When SAN and NAS was first introduced, they were considered unnecessary innovation that did nothing but extract money from customer's pocket.   However, gradually, they took over the enterprise storage because of their ability to split data storage from data processing (the servers, etc).  This prove to be a key capability customers need.

Moving to the next big thing - cloud, how can someone capitalized on it?

One key trap for Cloud computing is the ownership and control of data.  For consumers, many are willing (knowingly or not) to trade their ownership of data (i.e. privacy) for free services.  So Googles, Yahoos are all offering "the future of computing - Cloud" with minimum resistance.

The story is different in enterprise computing though, given the number of incidents in the past while related to Cloud computing, privacy breach, data leak, there is enough doubt in the enterprise market that the threat of handling core business data to some one one the Cloud is far out weight the benefit -- after all, enterprise rely on data to survive and make money, unlike consumers who are just consuming convenient data services.

So, what is the next big thing?  Since we have separated data storage from data processing with SAN, NAS, etc, it is logical that we can keep data storage in house, and consume data process (utility computing was not new idea at all).

Of course the current protocol used to access data will not be sufficient for reverse hosting the data.  New protocols and ideas need to be invented.

One probably candidate is in-memory database - which hosts the database in memory, and only need burst network bandwidth to load data initially.

Another approach is let customer run database services in house, and run application services on the Cloud.

On the fly data compression will again be a topic - the data flow through the network pipe between data owner and data processor should be compressed, and encrypted.   We know database access are great candidate for data compression because of the sparsity of the data retrieved.

Splitting data storage and data processing is the key for the success of Cloud computing in Enterprise world.  This won't be easy, and will not be driven by companies like Google or Facebook which business model is to exploit customer data.  New start-ups, or EMC, NetApp may have a chance.

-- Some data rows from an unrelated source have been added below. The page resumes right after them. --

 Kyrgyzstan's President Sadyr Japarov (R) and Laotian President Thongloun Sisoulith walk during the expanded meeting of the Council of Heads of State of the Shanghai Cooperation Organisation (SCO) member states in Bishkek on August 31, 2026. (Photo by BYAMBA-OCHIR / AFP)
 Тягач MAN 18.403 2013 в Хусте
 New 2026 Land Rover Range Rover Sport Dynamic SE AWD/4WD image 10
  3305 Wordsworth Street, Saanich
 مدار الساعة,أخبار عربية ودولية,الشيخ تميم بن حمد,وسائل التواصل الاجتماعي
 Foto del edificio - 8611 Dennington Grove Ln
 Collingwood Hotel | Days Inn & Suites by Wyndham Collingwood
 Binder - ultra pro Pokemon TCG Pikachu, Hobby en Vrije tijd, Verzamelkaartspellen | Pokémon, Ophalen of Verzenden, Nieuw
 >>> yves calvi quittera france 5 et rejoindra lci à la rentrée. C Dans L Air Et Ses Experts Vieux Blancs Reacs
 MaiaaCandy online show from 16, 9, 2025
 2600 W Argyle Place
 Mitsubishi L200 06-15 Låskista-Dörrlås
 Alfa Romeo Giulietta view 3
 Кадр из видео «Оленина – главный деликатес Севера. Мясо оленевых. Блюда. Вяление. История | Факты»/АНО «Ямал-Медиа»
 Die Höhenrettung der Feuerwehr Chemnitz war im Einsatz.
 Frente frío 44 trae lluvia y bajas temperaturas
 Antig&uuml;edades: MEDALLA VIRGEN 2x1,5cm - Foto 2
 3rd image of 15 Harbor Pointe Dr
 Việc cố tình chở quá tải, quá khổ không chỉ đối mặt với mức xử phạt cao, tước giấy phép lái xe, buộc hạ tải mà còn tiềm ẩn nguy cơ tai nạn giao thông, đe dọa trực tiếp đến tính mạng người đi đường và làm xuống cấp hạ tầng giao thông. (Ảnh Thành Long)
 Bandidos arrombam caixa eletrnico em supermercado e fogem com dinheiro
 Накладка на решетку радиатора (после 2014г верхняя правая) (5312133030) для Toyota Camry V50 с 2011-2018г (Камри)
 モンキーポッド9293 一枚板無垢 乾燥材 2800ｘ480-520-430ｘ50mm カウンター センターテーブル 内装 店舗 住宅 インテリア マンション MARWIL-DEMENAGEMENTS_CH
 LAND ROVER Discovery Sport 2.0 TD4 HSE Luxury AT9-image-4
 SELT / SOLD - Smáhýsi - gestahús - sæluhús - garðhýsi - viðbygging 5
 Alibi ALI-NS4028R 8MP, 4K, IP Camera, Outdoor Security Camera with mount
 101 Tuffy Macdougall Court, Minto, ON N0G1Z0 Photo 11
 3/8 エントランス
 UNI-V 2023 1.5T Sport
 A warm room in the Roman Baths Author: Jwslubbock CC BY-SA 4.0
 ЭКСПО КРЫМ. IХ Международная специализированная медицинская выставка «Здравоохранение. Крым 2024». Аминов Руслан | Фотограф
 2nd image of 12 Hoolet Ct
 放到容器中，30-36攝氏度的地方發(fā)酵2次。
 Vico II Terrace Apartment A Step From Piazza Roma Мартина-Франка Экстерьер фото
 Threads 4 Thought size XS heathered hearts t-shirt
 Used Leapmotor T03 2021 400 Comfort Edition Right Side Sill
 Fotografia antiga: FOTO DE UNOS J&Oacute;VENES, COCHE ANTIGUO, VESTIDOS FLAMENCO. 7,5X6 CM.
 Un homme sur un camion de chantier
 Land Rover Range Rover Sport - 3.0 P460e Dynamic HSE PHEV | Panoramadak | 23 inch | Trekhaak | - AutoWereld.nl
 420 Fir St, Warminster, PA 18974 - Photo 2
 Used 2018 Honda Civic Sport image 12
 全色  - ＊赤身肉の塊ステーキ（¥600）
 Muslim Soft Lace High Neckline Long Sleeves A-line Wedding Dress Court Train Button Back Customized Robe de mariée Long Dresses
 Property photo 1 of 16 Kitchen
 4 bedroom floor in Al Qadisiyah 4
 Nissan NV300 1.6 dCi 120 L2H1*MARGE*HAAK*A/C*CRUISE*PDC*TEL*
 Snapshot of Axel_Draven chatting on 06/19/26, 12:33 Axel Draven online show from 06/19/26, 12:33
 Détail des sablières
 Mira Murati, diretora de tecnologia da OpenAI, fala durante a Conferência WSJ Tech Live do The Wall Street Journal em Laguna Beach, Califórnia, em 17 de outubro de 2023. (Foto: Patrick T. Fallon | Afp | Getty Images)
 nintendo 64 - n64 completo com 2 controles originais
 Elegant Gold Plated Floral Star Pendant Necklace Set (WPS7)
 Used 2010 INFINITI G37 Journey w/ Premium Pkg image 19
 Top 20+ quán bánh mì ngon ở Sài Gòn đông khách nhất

I will be working on an architecture framework that enables secure and efficient data flow between data storage and data processing.

Data Storage <=> Data Processor <=====> Data Access

The new architecture is beyond just data transferring, because the application architecture we are using today are designed based on proximity between data and processor, the remote-access architecture now-a-days are more or less a patch to the data-processor combined model.

The new model need to be built on the assumption that Data Storage can be far away from Data Processor.  This assumption is the ultimate enabler for Cloud in enterprise.

If IBM catches this departing train, the day that most people will be using a handful of super fast computers MAY come back.
Well, since the super computers will not store your data, so they are not as scary as last time they appeared.

Of course part of the architecture is to ensure the data processor can not reconstruct data it processes -- better yet -- the processor's partition that used to process one customers data should be isolated and inaccessible by anyone else.

Sounds like an interesting idea, isn't it?